Histoire d'un orphelin de la guerre, par Mme Pascal-Saisset collection "les Livres roses", n° 192, Paris, Librairie Larousse, [1916] (BM Lyon, 405766)

Dans Un gosse héroïque, en revanche, Justin Pougin, dit Tintin, est un jeune garçon d'une dizaine d'années, originaire du Pas-de-Calais. Son père est mort à la mine, sa mère, devenue trieuse de charbon, est morte des suites d'une pneumonie. C'est son « pépé » qui l'élève, mais il est déporté par les Allemands lors de l'invasion. Justin erre alors, seul, dans des colonnes de réfugiés en cet automne 1914 qui voit le Nord de la France envahi par l'ennemi. Un petit groupe de chasseurs à pied le récupère et lui donne une bonne soupe réconfortante. Sûr qu'on a pas un bath pucier à t'offrir, avec un édredon de plume et des colonnes en or comme chez des myriardaires ! [sic] Mais quoi, y a du feu, et je vas te prêter ma couverte et ma toile de tente !. Ce sont les cuistots de la compagnie qui vont s'occuper de Justin, car ce sont ces drôles de loustics qui sont les plus débrouillards et les plus autonomes dans les régiments, et pourront passer inaperçus.

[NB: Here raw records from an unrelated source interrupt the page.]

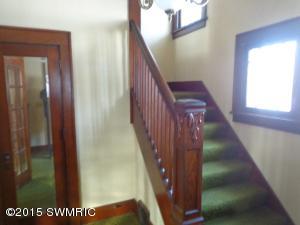 202 E Main St, Ionia, MI 48846 photo 5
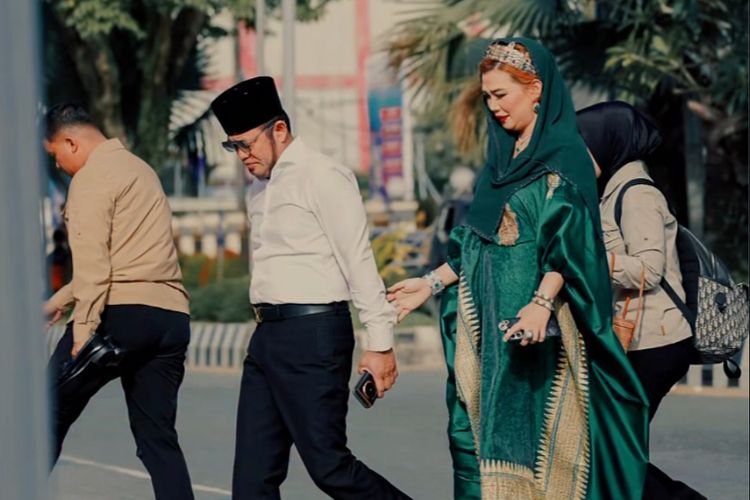 9 gaya Sarifah Suraidah disorot warganet. Dari topi lebar hingga kebaya glamor, penampilannya kerap disebut bak ?noni Belanda?.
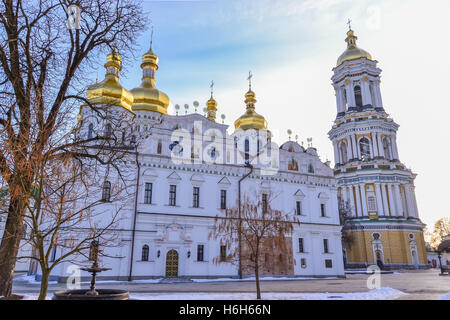 Cathédrale de la Dormition du monastère de la Laure de Pechersk de Kiev et grande Laure clocher baroque ukrainien en hiver, Banque D'Images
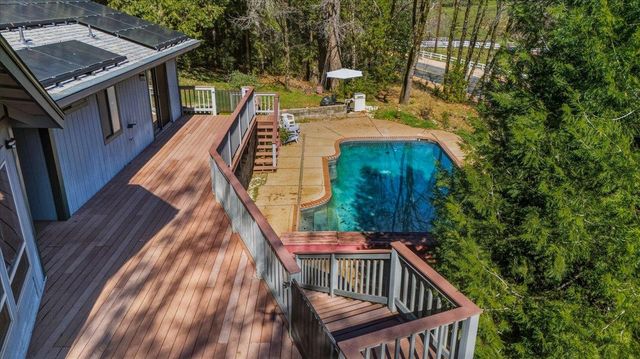 16243 Behr Mountain Rd, Grass Valley, CA 95945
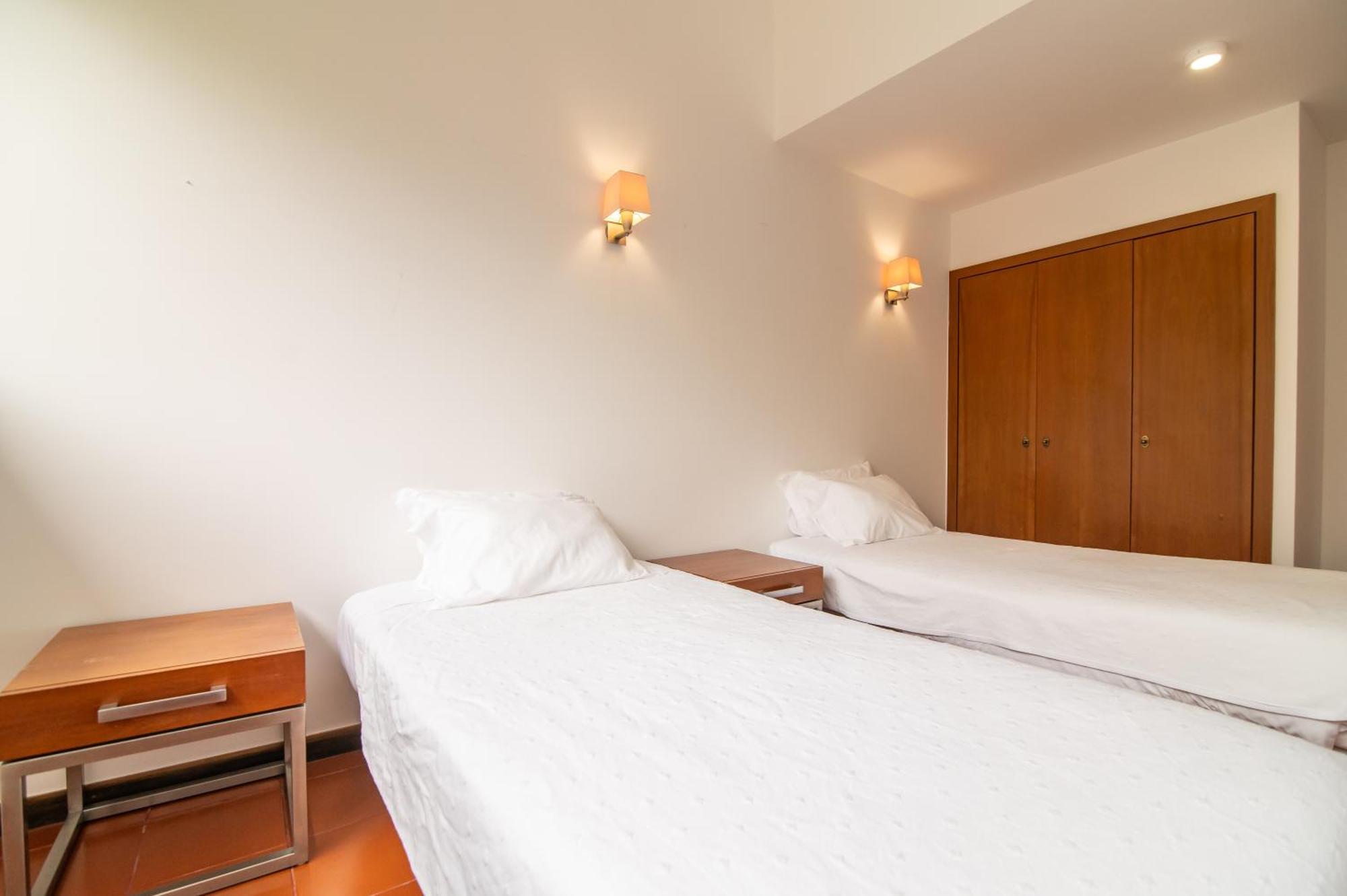 Anc Resort Калоура Екстериор снимка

Le capitaine, mis au courant de la présence de cet enfant de troupe, essaie de le renvoyer à l'arrière. En vain. Justin, sauvé par ces soldats devenus ses parents, revient de lui-même, ne voulant pas se retrouver dans une unité de vulgaires biffins, alors qu'il est un chass'bi (un chasseur à pied), déjà touché par l'esprit de corps.

Ce sera donc des cuistots, représentés par deux figures classiques de soldats, un Parigot, débrouillard et le verbe haut, et un Vosgien, paysan rassurant et paternel, qui protégeront leur demi-poil (poilu ne l'étant pas encore). Justin aura donc son uniforme, son fusil et ravitaillera les hommes restés en première ligne. Un beau jour, il participera à la défense de la tranchée et, emporté par un élan patriotique et de reconnaissance envers sa nouvelle famille, il partira à l'assaut et fera prisonnier deux boches, dans un trou d'obus.

De la fiction à la réalité

De l'autre côté, les livres pour enfants allemands ne sont pas en reste, qui insistent sur le génie germanique. Ainsi le petit Willi : après avoir défait les Français et les Anglais, épaulé par son « frère » austro-hongrois face aux cruels Balkaniques, il massacre en masse des Russes, misérables moujiks qui ne méritent même pas d'être sauvés de la noyade... comme un Français. Après une blessure au combat, Willi repart dans son U-boot (sous-marin) ou son Zeppelin (dirigeable), deux spécialités allemandes. Bref les deux « copains » volent de victoire en victoire, alors que sont évoqués le drame du Lusitania en 1915 [note]Paquebot britannique, le Lusitania fut torpillé par un sous-marin allemand, près des côtes irlandaises, le 7 mai et les premiers bombardements aériens de villes situées loin du front, préfigurant la Seconde Guerre mondiale...

Dramatique raccourci menant de la fiction littéraire et graphique jusqu'à la réalité historique et humaine, certains enfants s'engageront volontairement en falsifiant leur état-civil et leur geste sera volontiers mis en avant par la presse. Des gamins de 15 ans se retrouveront au front, et devront attendre leurs 17 ans pour contracter un engagement régulier. Des classes entières de jeunes adultes sortant à peine de l'adolescence, partiront ensemble, emportées par la vague nationaliste du début de la guerre, quel que soit leur pays...

Dans l'Annuaire des élèves du collège et du lycée de Roanne, on peut voir les portraits de deux frères, Jean James, engagé à 18 ans et mort quelques mois plus tard, en 1916, et Stéphane James, mobilisé à 19 ans et tué en 1917 à 21 ans. En Allemagne, ce sont des divisions entières constituées d'étudiants, qui seront jetées dans la bataille, sans véritable formation. En Angleterre, il s'agira de bataillons de « pals », littéralement « potes », issus des quartiers des grandes villes, qui sont constitués et partiront se faire massacrer sur la Somme. Car là, la littérature a cédé le pas à la réalité.